#### Aim of the task:
Could you return the data that follows exactly, minus the images?

#### Input material:
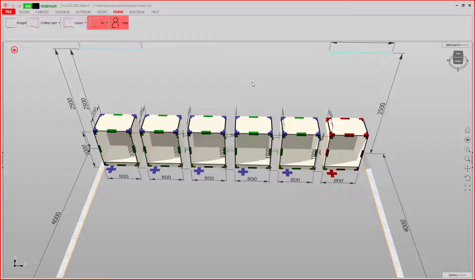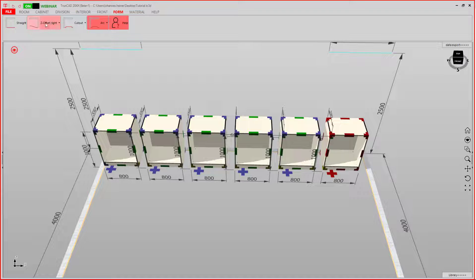Hello! In this tutorial we will take a look at the Form tab in Trunkhead. Here in the Form tab we can do Z-Offsets, Cutouts and Arcs.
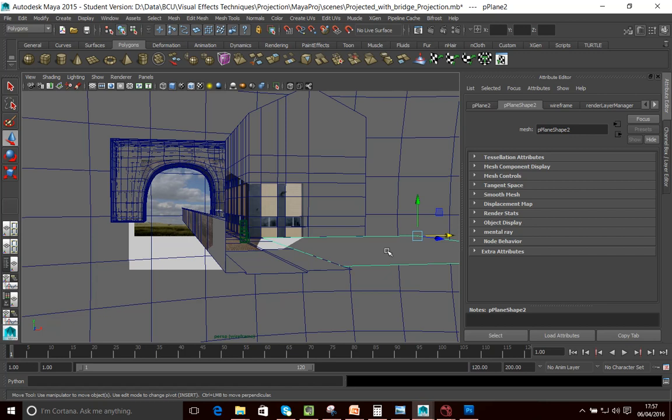And obviously, when you're using this approach, then obviously you are creating the assets very much for a specific shot.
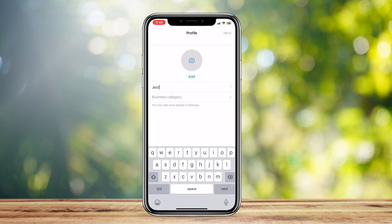You'll set up a profile and a business category, whatever you want, and then simply tap on Next. Your data will be saved and transferred into WhatsApp Business.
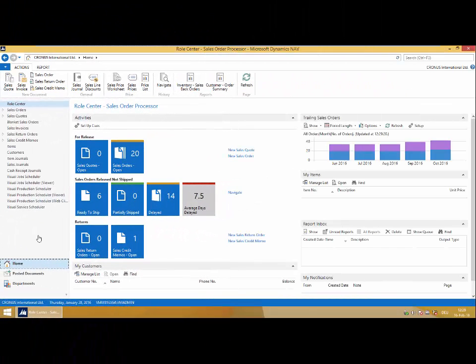Hi everyone, Jake here from Nettronic. Thanks for joining me today as we gain a first look at the Visual Scheduling Suite built by Nettronic, specifically for Microsoft Dynamics NAV.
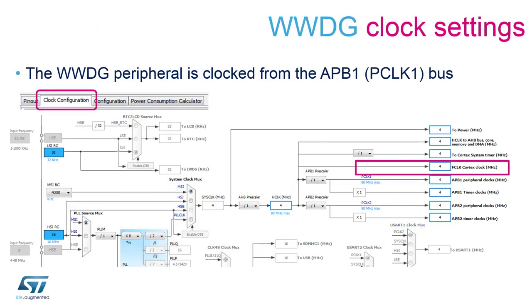The window watchdog is clocked from the APB clock bus which is derived directly from the system clock. This means whenever MCU is in a low power mode except for sleep mode there is no need to refresh the window watchdog as it is not being clocked.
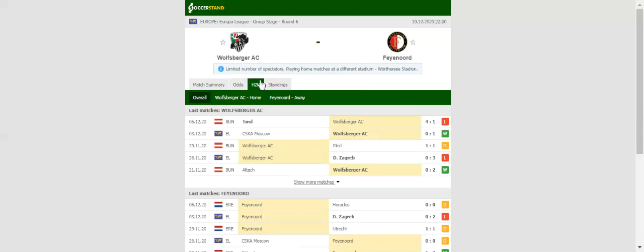Wolfsburger are one point away from booking their place in the knockout stages, while this is to go down as a must-win game for Feyenoord, who are two points behind the Austrian outfit in Group K.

#### Response to the exercise:
Hello! In this tutorial we will take a look at the Form tab in Trunkhead. Here in the Form tab we can do Z-Offsets, Cutouts and Arcs.
And obviously, when you're using this approach, then obviously you are creating the assets very much for a specific shot.
You'll set up a profile and a business category, whatever you want, and then simply tap on Next. Your data will be saved and transferred into WhatsApp Business.
Hi everyone, Jake here from Nettronic. Thanks for joining me today as we gain a first look at the Visual Scheduling Suite built by Nettronic, specifically for Microsoft Dynamics NAV.
The window watchdog is clocked from the APB clock bus which is derived directly from the system clock. This means whenever MCU is in a low power mode except for sleep mode there is no need to refresh the window watchdog as it is not being clocked.
Wolfsburger are one point away from booking their place in the knockout stages, while this is to go down as a must-win game for Feyenoord, who are two points behind the Austrian outfit in Group K.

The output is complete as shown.